Friday, April 12th from 2:30 - 5 pm in Meyer Room 183, SUL/AIR will be playing back the OCLC sponsored videoconference on the Open Archive Initiative featuring Herbert Van de Sompel, British Library, with host Lorcan Dempsey, Vice President, OCLC Office of Research. Also appearing will be expert practitioners: Joann Kaczmarek, Project Coordinator, Illinois Open Archives Initiative Metadata Protocol Harvesting Project and Visiting Assistant Professor, Library Administration, University of Illinois at Urbana-Champaign; and Stephen Pinfield, Academic Services Librarian, University of Nottingham, United Kingdom.

Also, remember next week's videoconference on "The OAIS Imperative: Enduring Record or Digital Dust?" with host Meg Bellinger, Vice President, OCLC Digital & Preservation Resources, featuring Donald Sawyer, NASA, Friday, April 19th, 9 -- 11:30 am, PDT, Meyer 183. The Open Archival Information System proposes a framework for preserving our digital heritage. The library community and other information professionals around the world , including SUL/AIR, are planning to use this standard for preserving and maintaining access to born-digital materials. What does OAIS mean to the library profession? How can we apply it to local projects? How can we impact this emerging standard and its systems implications? Expert practitioners for this discussion include Bruce Ambacher, Electronic & Special Media Records Services Division, US National Archives and Records Administration; and MacKenzie Smith, Assistant Head of Technology, MIT Libraries.
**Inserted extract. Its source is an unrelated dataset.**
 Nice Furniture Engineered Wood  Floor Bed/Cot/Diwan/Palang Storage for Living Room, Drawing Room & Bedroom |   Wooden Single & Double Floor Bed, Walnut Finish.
Please call Angela Wright at 3-2015 to reserve a space for either / both events.

--submitted by Nancy Hoebelheirich

5. Books Moving Back to Jackson Library

Jackson Library is bringing back the J - Z classification books that were temporarily moved to storage last June. FYI, Q - T classification books are now available in the Main stacks on the third floor of the library. J - P and U - Z books will be returned to the stacks this summer.

For more on this see


--submitted by Daphne Chang

6. The DEWI System

We've added more datasets to the DEWI System. Developed by the Social Sciences Resource Group (SSRG), DEWI stands for Data Extraction Web Interface, and as the name implies, it is a web-based system for searching and extracting variables within numeric datasets. The DEWI System makes data extraction quicker and easier for data users by eliminating the need to search for printed codebooks or write programs to extract variables. It incorporates the important online documentation and variable metadata into a seamless and convenient system. Keyword searches result in a list of variable 'hits' that can be selected for final extraction. Variable sample frequencies and other information can be viewed within DEWI to help the data user decide which variables to extract. Extract files can be directly downloaded to your PC in a variety of formats, such as SPSS, Stata, SAS, or Excel.
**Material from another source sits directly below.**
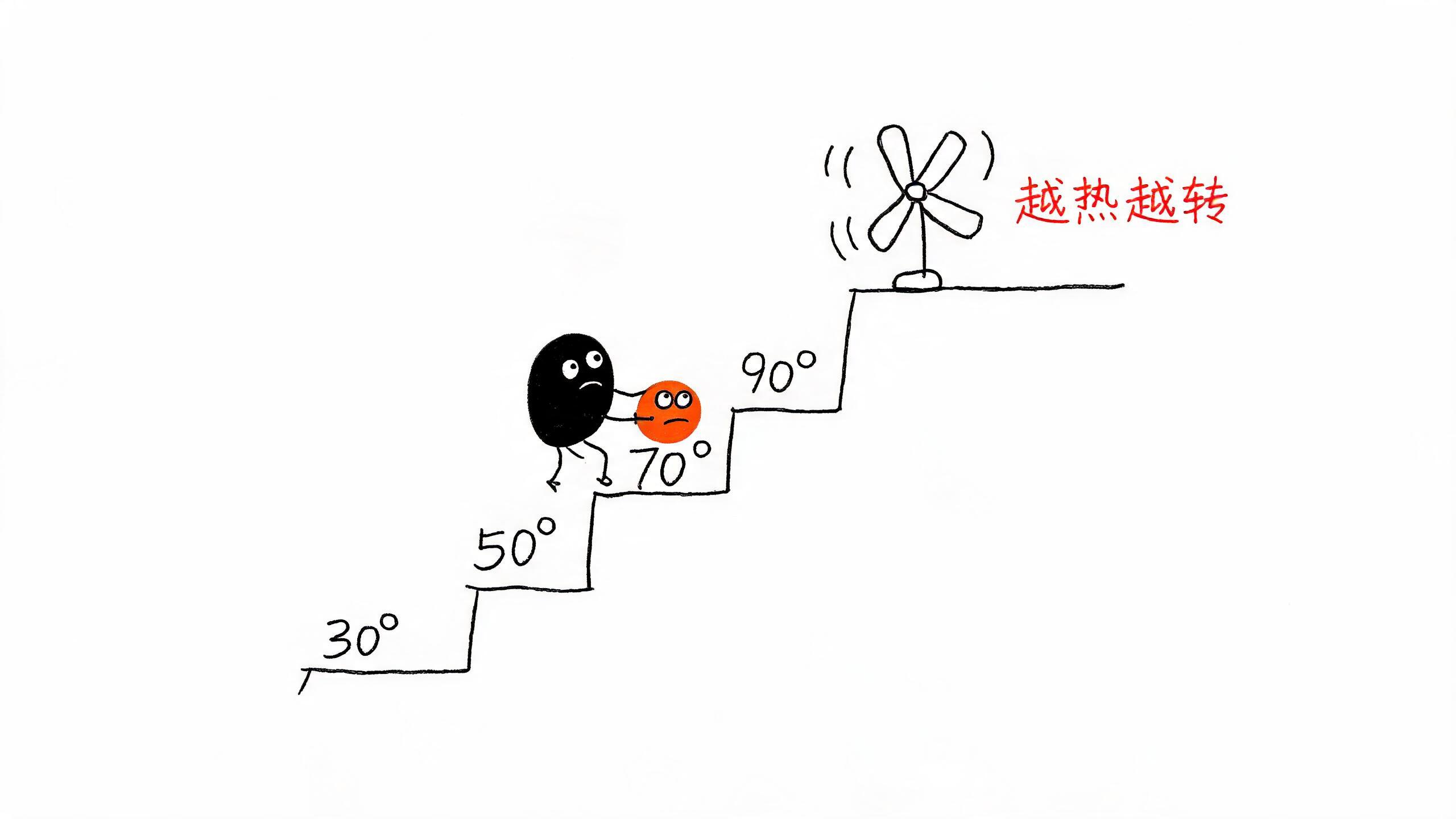 小黑沿着温度台阶把热球往上顶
The DEWI System has been used in statistical methods courses to allow students to use 'real' data in their assignments, as well as by researchers to explore the relevance of DEWI datasets in their analyses.
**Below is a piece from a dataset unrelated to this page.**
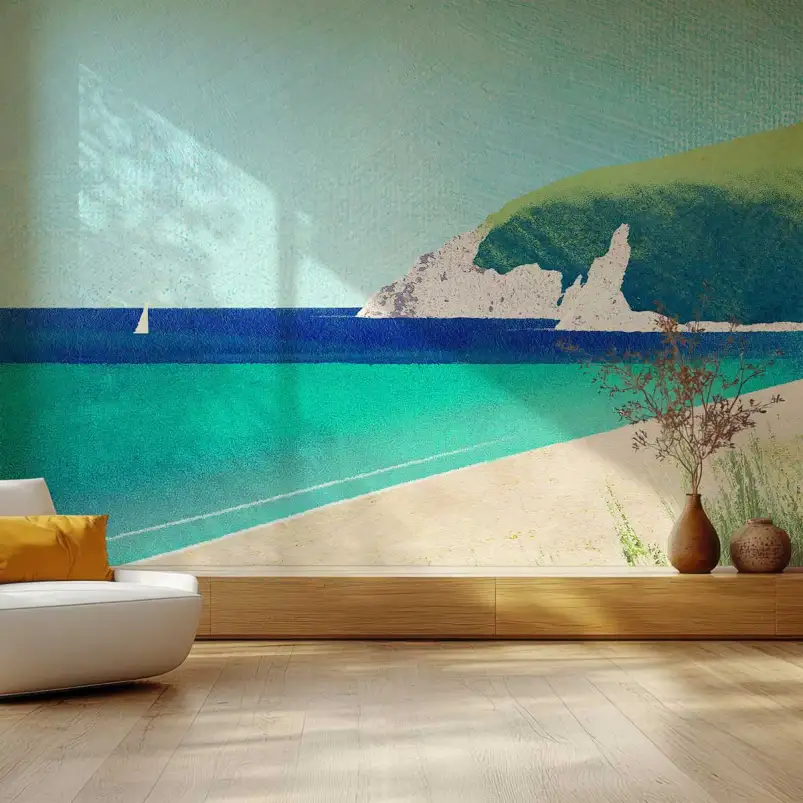 Papier peint panoramique Falaise et océan - papier peint déco mer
DEWI contains a growing collection of numeric datasets:

  • General Social Surveys (GSS): 1972-1993
  • Multi-City Study of Urban Inequality, 1992-1994
  • National Education Longitudinal Study of 1988 -- 2nd and 3rd Follow-up Studies: 1992 and 1994
  • Schools and Staffing Survey (SASS): 1987-1988, 1990-1991, 1993-1994
  • Survey of Employment, Income, and Attitudes in Russia (SEIAR), January-March 1998
  • Teacher Follow-up Survey (TFS): 1988-1989, 1991-1992, and 1994-1995
  • World Values Survey and European Values Surveys: 1981-1984, 1990-1993 and 1995-1997

Check out the DEWI System at our new web site. Click on the DEWI button.


--submitted by Ron Nakao

7. New Publication by Meredith Williams

Meredith Williams, the GIS Manager at Branner Earth Sciences Library, has recently had a chapter published in "Past Time, Past Place: GIS for History." The book has been published by ESRI Press and was edited by Anne Kelly Knowles.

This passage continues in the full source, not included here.